### Work request:
The whole listing needs to be restated word for word.

====== Provided records

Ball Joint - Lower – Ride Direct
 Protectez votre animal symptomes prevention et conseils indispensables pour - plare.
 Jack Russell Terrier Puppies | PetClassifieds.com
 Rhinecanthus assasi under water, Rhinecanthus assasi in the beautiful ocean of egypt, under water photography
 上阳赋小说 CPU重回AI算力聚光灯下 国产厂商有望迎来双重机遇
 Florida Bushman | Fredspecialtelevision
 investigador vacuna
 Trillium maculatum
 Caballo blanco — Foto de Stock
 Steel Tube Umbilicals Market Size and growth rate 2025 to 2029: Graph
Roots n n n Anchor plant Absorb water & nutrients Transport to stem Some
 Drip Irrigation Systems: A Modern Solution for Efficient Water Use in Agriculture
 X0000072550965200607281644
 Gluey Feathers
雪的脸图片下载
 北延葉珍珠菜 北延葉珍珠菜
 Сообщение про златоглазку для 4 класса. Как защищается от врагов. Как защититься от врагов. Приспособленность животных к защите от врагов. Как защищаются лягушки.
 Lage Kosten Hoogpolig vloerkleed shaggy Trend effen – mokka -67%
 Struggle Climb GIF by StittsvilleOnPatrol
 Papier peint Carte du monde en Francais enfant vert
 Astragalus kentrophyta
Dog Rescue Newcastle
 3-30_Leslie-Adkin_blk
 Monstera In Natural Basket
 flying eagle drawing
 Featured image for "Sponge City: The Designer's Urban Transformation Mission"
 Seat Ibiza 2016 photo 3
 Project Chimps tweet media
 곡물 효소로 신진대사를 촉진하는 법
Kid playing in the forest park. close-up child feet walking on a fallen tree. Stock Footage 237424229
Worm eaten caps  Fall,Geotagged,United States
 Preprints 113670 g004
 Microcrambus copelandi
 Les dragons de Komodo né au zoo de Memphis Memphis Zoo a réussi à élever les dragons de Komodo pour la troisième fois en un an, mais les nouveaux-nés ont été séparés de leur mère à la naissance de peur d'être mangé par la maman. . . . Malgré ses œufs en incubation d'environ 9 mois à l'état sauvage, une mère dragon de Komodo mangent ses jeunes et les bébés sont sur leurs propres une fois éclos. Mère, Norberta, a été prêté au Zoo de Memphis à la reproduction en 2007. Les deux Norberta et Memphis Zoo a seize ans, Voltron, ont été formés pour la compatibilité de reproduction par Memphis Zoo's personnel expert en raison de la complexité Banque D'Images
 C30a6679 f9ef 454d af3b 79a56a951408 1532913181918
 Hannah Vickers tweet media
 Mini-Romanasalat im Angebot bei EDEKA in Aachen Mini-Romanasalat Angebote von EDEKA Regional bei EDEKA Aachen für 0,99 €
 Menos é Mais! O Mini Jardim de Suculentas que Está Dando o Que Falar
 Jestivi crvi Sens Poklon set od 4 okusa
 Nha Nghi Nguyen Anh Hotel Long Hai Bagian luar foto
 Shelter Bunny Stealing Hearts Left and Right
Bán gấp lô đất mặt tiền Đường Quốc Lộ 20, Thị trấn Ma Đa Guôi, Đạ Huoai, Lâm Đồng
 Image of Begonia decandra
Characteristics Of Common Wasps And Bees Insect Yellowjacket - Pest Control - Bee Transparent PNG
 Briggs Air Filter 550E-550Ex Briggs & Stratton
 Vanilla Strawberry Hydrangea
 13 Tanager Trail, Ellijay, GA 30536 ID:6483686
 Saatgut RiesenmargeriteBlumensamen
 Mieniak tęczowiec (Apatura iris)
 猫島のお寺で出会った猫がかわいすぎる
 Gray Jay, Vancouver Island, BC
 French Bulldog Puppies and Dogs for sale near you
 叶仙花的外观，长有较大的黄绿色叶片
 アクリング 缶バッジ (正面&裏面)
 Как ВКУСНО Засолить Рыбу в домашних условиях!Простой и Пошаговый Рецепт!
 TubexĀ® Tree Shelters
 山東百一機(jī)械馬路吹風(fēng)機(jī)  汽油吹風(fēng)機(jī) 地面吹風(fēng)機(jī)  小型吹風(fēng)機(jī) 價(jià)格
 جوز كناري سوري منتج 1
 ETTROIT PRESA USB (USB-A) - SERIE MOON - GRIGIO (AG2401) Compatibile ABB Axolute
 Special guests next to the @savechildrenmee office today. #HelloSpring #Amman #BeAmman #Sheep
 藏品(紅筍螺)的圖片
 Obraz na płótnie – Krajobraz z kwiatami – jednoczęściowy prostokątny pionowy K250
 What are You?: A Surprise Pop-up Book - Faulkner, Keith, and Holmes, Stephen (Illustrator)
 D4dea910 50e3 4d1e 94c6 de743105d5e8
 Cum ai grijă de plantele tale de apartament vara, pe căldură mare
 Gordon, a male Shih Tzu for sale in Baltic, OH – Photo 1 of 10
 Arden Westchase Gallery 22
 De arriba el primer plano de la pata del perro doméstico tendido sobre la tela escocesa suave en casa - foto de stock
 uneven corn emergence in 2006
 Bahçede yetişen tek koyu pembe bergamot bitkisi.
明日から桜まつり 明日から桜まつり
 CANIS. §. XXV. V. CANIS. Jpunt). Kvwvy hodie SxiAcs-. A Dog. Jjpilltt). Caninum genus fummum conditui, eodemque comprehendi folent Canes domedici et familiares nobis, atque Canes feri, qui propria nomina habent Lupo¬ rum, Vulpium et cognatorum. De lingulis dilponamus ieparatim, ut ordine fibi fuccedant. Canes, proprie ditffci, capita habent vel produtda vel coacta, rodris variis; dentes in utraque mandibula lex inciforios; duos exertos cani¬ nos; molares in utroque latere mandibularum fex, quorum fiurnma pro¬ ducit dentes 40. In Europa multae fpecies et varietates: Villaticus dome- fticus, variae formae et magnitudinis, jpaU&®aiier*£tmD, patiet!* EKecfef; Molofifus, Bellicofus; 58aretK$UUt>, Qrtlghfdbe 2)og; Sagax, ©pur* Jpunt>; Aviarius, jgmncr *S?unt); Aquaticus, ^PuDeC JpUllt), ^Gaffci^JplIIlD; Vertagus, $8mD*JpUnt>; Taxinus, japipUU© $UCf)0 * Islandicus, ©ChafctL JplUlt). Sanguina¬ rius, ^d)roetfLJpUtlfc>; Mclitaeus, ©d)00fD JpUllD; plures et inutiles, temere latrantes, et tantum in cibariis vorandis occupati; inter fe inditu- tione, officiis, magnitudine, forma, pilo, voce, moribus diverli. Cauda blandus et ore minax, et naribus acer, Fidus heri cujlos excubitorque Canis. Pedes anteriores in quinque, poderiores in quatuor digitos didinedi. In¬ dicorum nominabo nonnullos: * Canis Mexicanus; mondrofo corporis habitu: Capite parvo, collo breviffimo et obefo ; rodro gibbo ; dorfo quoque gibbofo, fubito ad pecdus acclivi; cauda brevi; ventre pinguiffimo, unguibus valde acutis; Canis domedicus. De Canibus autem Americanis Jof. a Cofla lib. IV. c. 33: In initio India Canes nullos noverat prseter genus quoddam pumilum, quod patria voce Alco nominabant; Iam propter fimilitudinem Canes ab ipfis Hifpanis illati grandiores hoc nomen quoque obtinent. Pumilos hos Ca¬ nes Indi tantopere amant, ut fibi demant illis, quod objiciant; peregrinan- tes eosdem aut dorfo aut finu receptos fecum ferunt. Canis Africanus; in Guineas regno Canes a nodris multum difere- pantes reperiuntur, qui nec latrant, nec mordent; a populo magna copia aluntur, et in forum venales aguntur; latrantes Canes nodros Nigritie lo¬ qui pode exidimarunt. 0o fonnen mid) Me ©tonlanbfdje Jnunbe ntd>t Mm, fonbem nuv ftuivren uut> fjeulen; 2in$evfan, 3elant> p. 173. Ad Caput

============

### Response for this exercise:
Ball Joint - Lower – Ride Direct
 Protectez votre animal symptomes prevention et conseils indispensables pour - plare.
 Jack Russell Terrier Puppies | PetClassifieds.com
 Rhinecanthus assasi under water, Rhinecanthus assasi in the beautiful ocean of egypt, under water photography
 上阳赋小说 CPU重回AI算力聚光灯下 国产厂商有望迎来双重机遇
 Florida Bushman | Fredspecialtelevision
 investigador vacuna
 Trillium maculatum
 Caballo blanco — Foto de Stock
 Steel Tube Umbilicals Market Size and growth rate 2025 to 2029: Graph
Roots n n n Anchor plant Absorb water & nutrients Transport to stem Some
 Drip Irrigation Systems: A Modern Solution for Efficient Water Use in Agriculture
 X0000072550965200607281644
 Gluey Feathers
雪的脸图片下载
 北延葉珍珠菜 北延葉珍珠菜
 Сообщение про златоглазку для 4 класса. Как защищается от врагов. Как защититься от врагов. Приспособленность животных к защите от врагов. Как защищаются лягушки.
 Lage Kosten Hoogpolig vloerkleed shaggy Trend effen – mokka -67%
 Struggle Climb GIF by StittsvilleOnPatrol
 Papier peint Carte du monde en Francais enfant vert
 Astragalus kentrophyta
Dog Rescue Newcastle
 3-30_Leslie-Adkin_blk
 Monstera In Natural Basket
 flying eagle drawing
 Featured image for "Sponge City: The Designer's Urban Transformation Mission"
 Seat Ibiza 2016 photo 3
 Project Chimps tweet media
 곡물 효소로 신진대사를 촉진하는 법
Kid playing in the forest park. close-up child feet walking on a fallen tree. Stock Footage 237424229
Worm eaten caps  Fall,Geotagged,United States
 Preprints 113670 g004
 Microcrambus copelandi
 Les dragons de Komodo né au zoo de Memphis Memphis Zoo a réussi à élever les dragons de Komodo pour la troisième fois en un an, mais les nouveaux-nés ont été séparés de leur mère à la naissance de peur d'être mangé par la maman. . . . Malgré ses œufs en incubation d'environ 9 mois à l'état sauvage, une mère dragon de Komodo mangent ses jeunes et les bébés sont sur leurs propres une fois éclos. Mère, Norberta, a été prêté au Zoo de Memphis à la reproduction en 2007. Les deux Norberta et Memphis Zoo a seize ans, Voltron, ont été formés pour la compatibilité de reproduction par Memphis Zoo's personnel expert en raison de la complexité Banque D'Images
 C30a6679 f9ef 454d af3b 79a56a951408 1532913181918
 Hannah Vickers tweet media
 Mini-Romanasalat im Angebot bei EDEKA in Aachen Mini-Romanasalat Angebote von EDEKA Regional bei EDEKA Aachen für 0,99 €
 Menos é Mais! O Mini Jardim de Suculentas que Está Dando o Que Falar
 Jestivi crvi Sens Poklon set od 4 okusa
 Nha Nghi Nguyen Anh Hotel Long Hai Bagian luar foto
 Shelter Bunny Stealing Hearts Left and Right
Bán gấp lô đất mặt tiền Đường Quốc Lộ 20, Thị trấn Ma Đa Guôi, Đạ Huoai, Lâm Đồng
 Image of Begonia decandra
Characteristics Of Common Wasps And Bees Insect Yellowjacket - Pest Control - Bee Transparent PNG
 Briggs Air Filter 550E-550Ex Briggs & Stratton
 Vanilla Strawberry Hydrangea
 13 Tanager Trail, Ellijay, GA 30536 ID:6483686
 Saatgut RiesenmargeriteBlumensamen
 Mieniak tęczowiec (Apatura iris)
 猫島のお寺で出会った猫がかわいすぎる
 Gray Jay, Vancouver Island, BC
 French Bulldog Puppies and Dogs for sale near you
 叶仙花的外观，长有较大的黄绿色叶片
 アクリング 缶バッジ (正面&裏面)
 Как ВКУСНО Засолить Рыбу в домашних условиях!Простой и Пошаговый Рецепт!
 TubexĀ® Tree Shelters
 山東百一機(jī)械馬路吹風(fēng)機(jī)  汽油吹風(fēng)機(jī) 地面吹風(fēng)機(jī)  小型吹風(fēng)機(jī) 價(jià)格
 جوز كناري سوري منتج 1
 ETTROIT PRESA USB (USB-A) - SERIE MOON - GRIGIO (AG2401) Compatibile ABB Axolute
 Special guests next to the @savechildrenmee office today. #HelloSpring #Amman #BeAmman #Sheep
 藏品(紅筍螺)的圖片
 Obraz na płótnie – Krajobraz z kwiatami – jednoczęściowy prostokątny pionowy K250
 What are You?: A Surprise Pop-up Book - Faulkner, Keith, and Holmes, Stephen (Illustrator)
 D4dea910 50e3 4d1e 94c6 de743105d5e8
 Cum ai grijă de plantele tale de apartament vara, pe căldură mare
 Gordon, a male Shih Tzu for sale in Baltic, OH – Photo 1 of 10
 Arden Westchase Gallery 22
 De arriba el primer plano de la pata del perro doméstico tendido sobre la tela escocesa suave en casa - foto de stock
 uneven corn emergence in 2006
 Bahçede yetişen tek koyu pembe bergamot bitkisi.
明日から桜まつり 明日から桜まつり
 CANIS. §. XXV. V. CANIS. Jpunt). Kvwvy hodie SxiAcs-. A Dog. Jjpilltt). Caninum genus fummum conditui, eodemque comprehendi folent Canes domedici et familiares nobis, atque Canes feri, qui propria nomina habent Lupo¬ rum, Vulpium et cognatorum. De lingulis dilponamus ieparatim, ut ordine fibi fuccedant. Canes, proprie ditffci, capita habent vel produtda vel coacta, rodris variis; dentes in utraque mandibula lex inciforios; duos exertos cani¬ nos; molares in utroque latere mandibularum fex, quorum fiurnma pro¬ ducit dentes 40. In Europa multae fpecies et varietates: Villaticus dome- fticus, variae formae et magnitudinis, jpaU&®aiier*£tmD, patiet!* EKecfef; Molofifus, Bellicofus; 58aretK$UUt>, Qrtlghfdbe 2)og; Sagax, ©pur* Jpunt>; Aviarius, jgmncr *S?unt); Aquaticus, ^PuDeC JpUllt), ^Gaffci^JplIIlD; Vertagus, $8mD*JpUnt>; Taxinus, japipUU© $UCf)0 * Islandicus, ©ChafctL JplUlt). Sanguina¬ rius, ^d)roetfLJpUtlfc>; Mclitaeus, ©d)00fD JpUllD; plures et inutiles, temere latrantes, et tantum in cibariis vorandis occupati; inter fe inditu- tione, officiis, magnitudine, forma, pilo, voce, moribus diverli. Cauda blandus et ore minax, et naribus acer, Fidus heri cujlos excubitorque Canis. Pedes anteriores in quinque, poderiores in quatuor digitos didinedi. In¬ dicorum nominabo nonnullos: * Canis Mexicanus; mondrofo corporis habitu: Capite parvo, collo breviffimo et obefo ; rodro gibbo ; dorfo quoque gibbofo, fubito ad pecdus acclivi; cauda brevi; ventre pinguiffimo, unguibus valde acutis; Canis domedicus. De Canibus autem Americanis Jof. a Cofla lib. IV. c. 33: In initio India Canes nullos noverat prseter genus quoddam pumilum, quod patria voce Alco nominabant; Iam propter fimilitudinem Canes ab ipfis Hifpanis illati grandiores hoc nomen quoque obtinent. Pumilos hos Ca¬ nes Indi tantopere amant, ut fibi demant illis, quod objiciant; peregrinan- tes eosdem aut dorfo aut finu receptos fecum ferunt. Canis Africanus; in Guineas regno Canes a nodris multum difere- pantes reperiuntur, qui nec latrant, nec mordent; a populo magna copia aluntur, et in forum venales aguntur; latrantes Canes nodros Nigritie lo¬ qui pode exidimarunt. 0o fonnen mid) Me ©tonlanbfdje Jnunbe ntd>t Mm, fonbem nuv ftuivren uut> fjeulen; 2in$evfan, 3elant> p. 173. Ad Caput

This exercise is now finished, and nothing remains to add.